Ottawa Citizen

NBA could flatten out its draft lottery

- TIM BONTEMPS

For years, people in the media and in NBA front offices have lobbied for draft lottery reform.

This year, change might occur. Despite many competing ideas over the years as to the best fix, a slight tweak could solve the league’s quandary: Even the odds among potential lottery teams.

Under a new proposal, the highest odds of the No. 1 pick (25 per cent) would no longer be given to the worst team, followed by the next two poorest records (at 19.9 and 15.6 per cent).

Instead, those three teams would have the same chances of landing the No. 1 pick, while teams behind them would have a greater chance of leaping up in the lottery.
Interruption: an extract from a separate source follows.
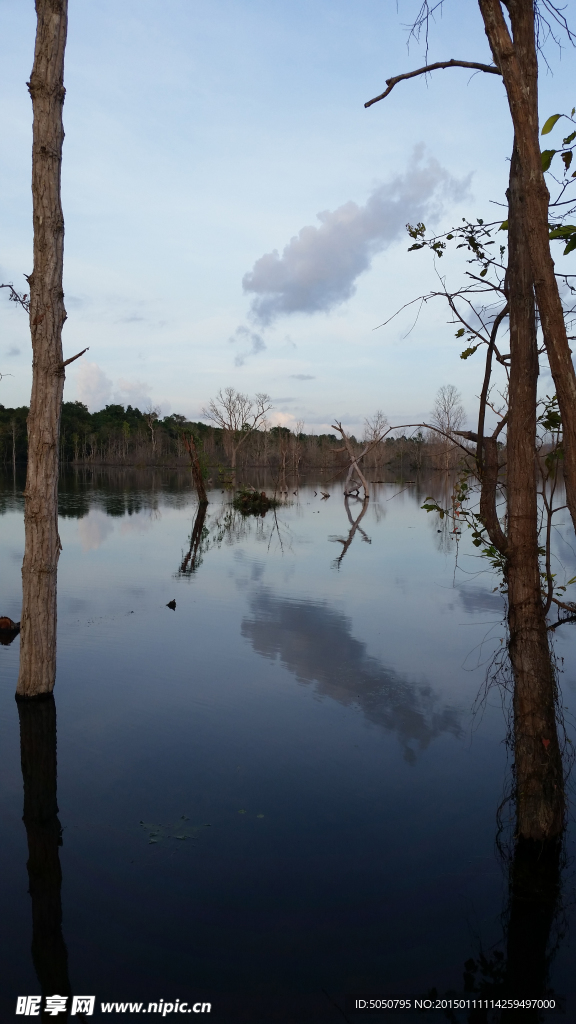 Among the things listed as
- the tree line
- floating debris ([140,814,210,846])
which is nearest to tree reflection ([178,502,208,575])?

Getting one of those top picks is not a guarantee of success. The Warriors, for example, drafted only one of their core players, Stephen Curry, in the top 10 — and he was taken at No. 7, back in the 2009 draft.

Under the current system, it makes sense for teams to deliberate­ly tank. With the difference between the odds of winning the top pick varying from 25 per cent to the 4.3 per cent for the seventhwor­st record, teams have incentive to increase their odds as much as possible.

The proposal being examined by the competitio­n committee is also a creative implementa­tion of what has long seemed like the most obvious way to fix this problem — going back to the flat lottery system, when all 14 teams that missed the playoffs had the same chance to jump into the top three — without making teams think they might be better to avoid making the playoffs to have a chance to jump to the top of the heap and get a stud in the draft instead.

But the solution on the table now could be implemente­d as soon as the 2019, and it makes a lot of sense, as it removes the incentives to lose at the top of the lottery without creating them at the bottom.